In your journey to financial freedom, it is important to be knowledgeable about short and long-term investments and how to use them effectively to build wealth. By considering the pros and cons of each type of investment and how they affect your needs, you’ll be able to make the best decision.
Long-term investments are assets that you intend to hold for over a year. Stocks and Real estate are great examples. These types of investments require patience because the dividends are higher when they are kept for a long period of time. For instance, 20 years ago, landed property in Lekki which cost less than 1 million naira is now valued at over 100 Million Naira.
Short term investments on the other hand are investments that you consider when you want to grow your money in a short period of time.
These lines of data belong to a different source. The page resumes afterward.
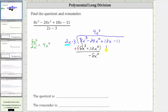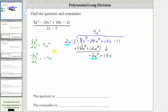We bring down the next term and repeat the process. We now determine what times 2x is equal to negative 8x squared, or we divide negative 8x squared by 2x. Negative 8 divided by 2 is negative 4, and x squared divided by x is x. So the next term in the quotient is negative 4x.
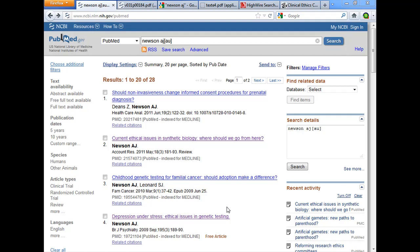Should be PubMed. PubMed is your tax dollars at work. It's a database of more than 21 million journal articles. They're indexed, most but not all have abstracts, and in the last 10 years or so they've been starting to add full text of the article.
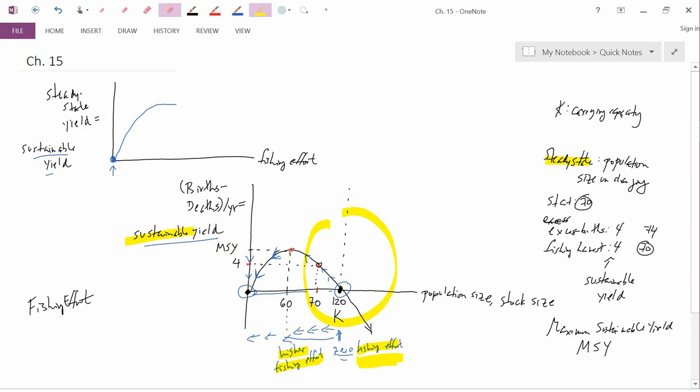In the left-hand part of the graph, as fishing effort goes up, sustainable yield goes down. And eventually you get to the origin again, where fishing effort is very high but it generates no sustainable yield at all. So the top graph goes back to zero.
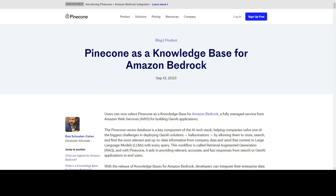This approach is called RAG. The storage where we keep these embeddings or vectors is called a vector database, and there are numerous vector databases out there with more appearing every week. Pinecone is one of my favorite vector databases for various reasons: it's quite easy to use, it integrates with a lot of other tooling, and just recently they announced integration with Amazon Bedrock.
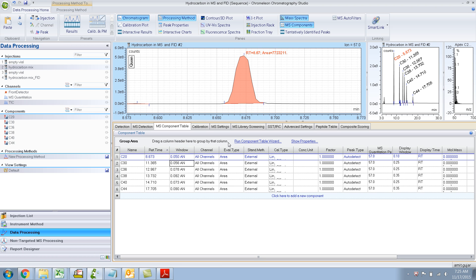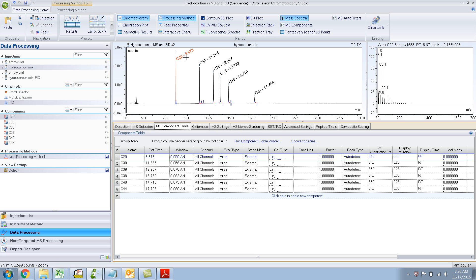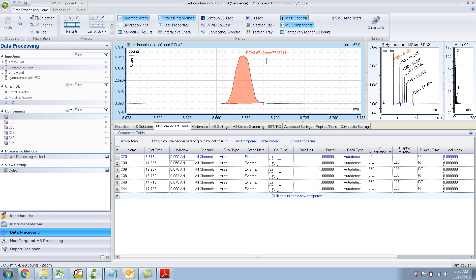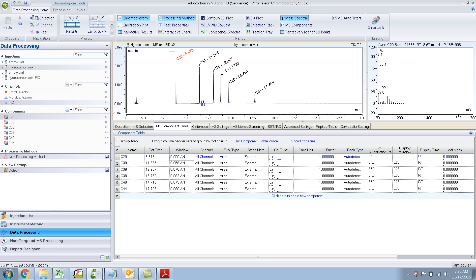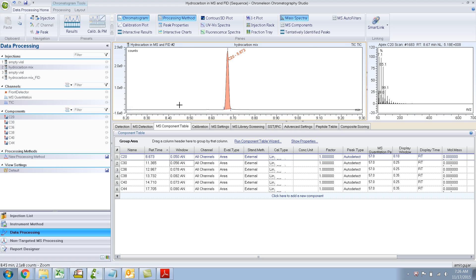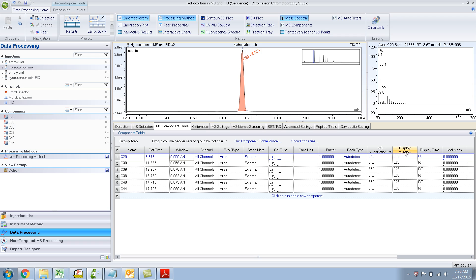Now it detects a peak. So maybe that was because the window at which it's looking for the peak was too narrow, and that's why it could not find the peak. Now you see it has detected the peak. When I click on MS Components, it shows you just the extracted ion chromatogram in this window. This MS Component pane is nothing but the chromatogram zoomed in to the display window of 0.1.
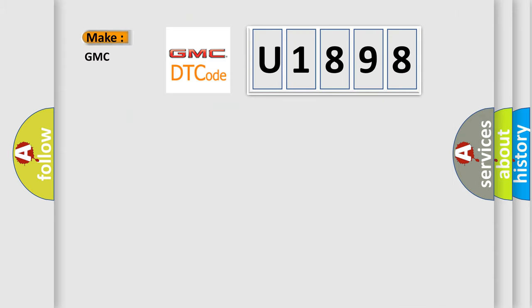So, what does the diagnostic trouble code U1898 interpret specifically for GMC car manufacturers?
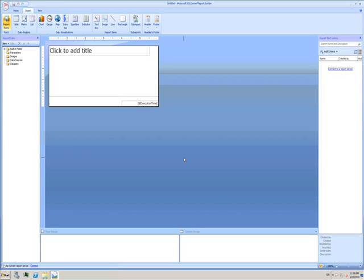Here I have Report Builder and this blank report. On the right I have the Report Part Gallery task pane. I need to connect to a SQL Server Reporting Services server.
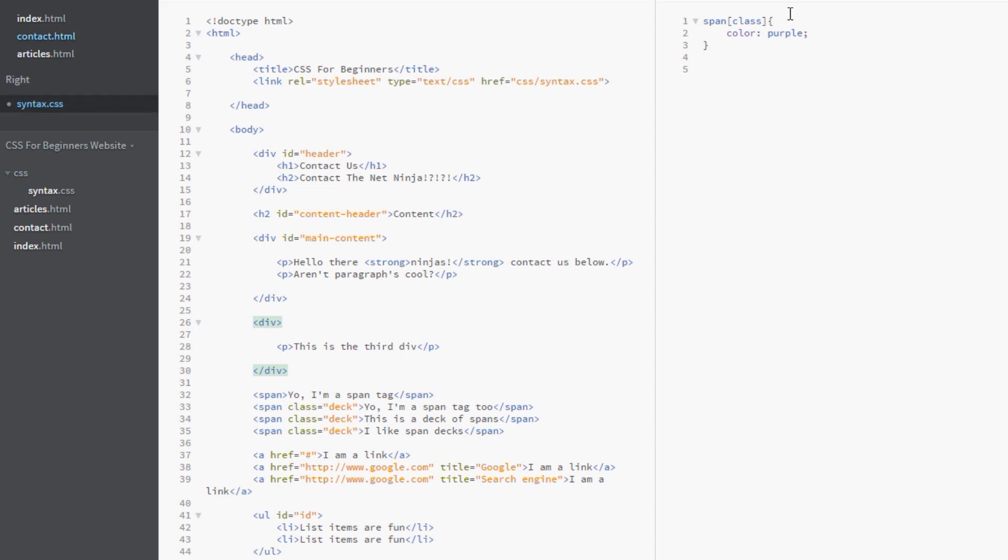Well again we'd write our element name which is div. And then the square brackets. And then we write the attribute name which is id. And we're saying there. Oops sorry I've got this wrong. That should be div. The element name not id. And then we're saying there we want every div element which has an id attribute associated with it.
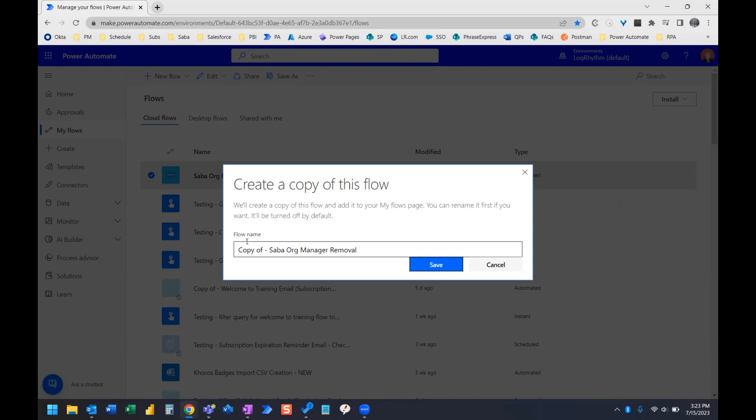And so what we can do is we can rename it right here. Or if we want to, we can just go ahead and click Save.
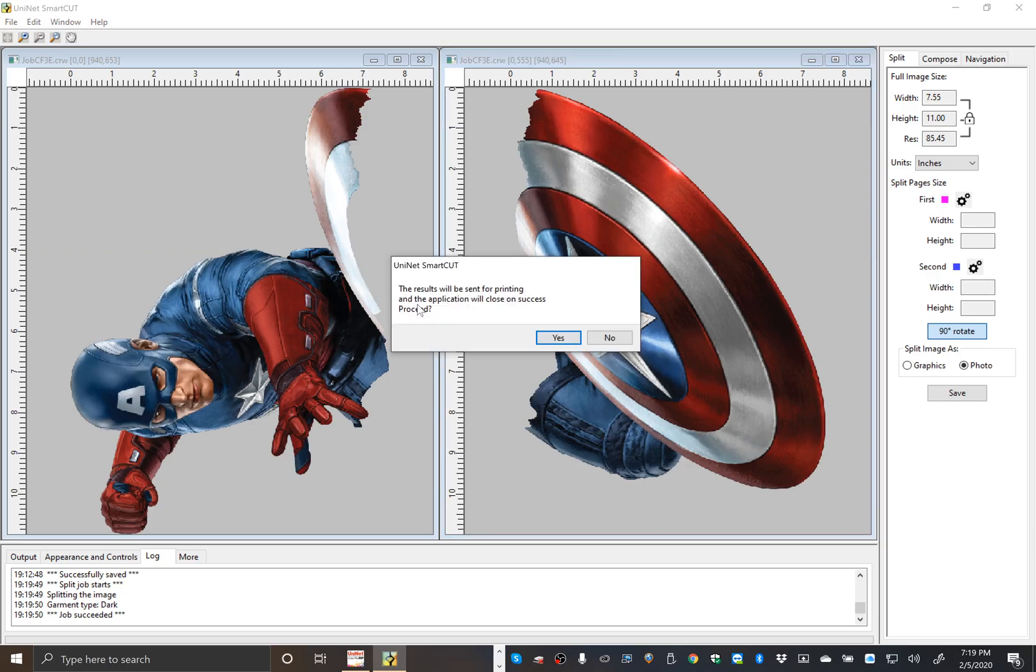And there's a note that pops up that says the result will be sent for printing and the application will close on success. Do you want to proceed? And we'll click yes.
A good short-term investment option is Hyperfund by Crowdyvest which allows you to earn good returns for any period between 4 and 12 months.
Long term investments are best for...

Retirement Plan: Your 20’s and 30’s are the best time to invest long term because you have at least 20 years before retirement. This is also the period of our lives where we make mistakes because we still have time to bounce back. For instance, If you invest in stocks, sometimes they take a downturn but eventually recover and grow with time. The ultimate goal is to be financially stable even after retirement.

Future Financial Commitment: When you have a major financial commitment in the future such as your children’s school fees, long-term investment is the best way to go. Most parents already have an idea of the schools they want their children to attend even before they are born. Long-term investments will ensure that your plan for that child’s education is fulfilled.

Protection Against Inflation: Long-term investments are perfect for protecting your finances against inflation. The dividends from your investments cover up for any potential losses due to inflation.
The major disadvantage of long-term investments is that your funds will be inaccessible when you need them for a financial emergency, and this could be very frustrating.
Short-term investments are best for…

Achieving Financial Goals: You should consider short-term investments when you need to grow your money to achieve financial goals that are closer at hand. Examples of such goals are traveling or making a big purchase.

Regular income: Short-term investments pay you returns after short periods of time, therefore they can be a source of regular passive income. In fact, your investment can be considered as a side hustle since your money is literally working for you.
The major disadvantage of short-term investments is lower returns. In the world of investment, the shorter the tenure, the smaller the returns.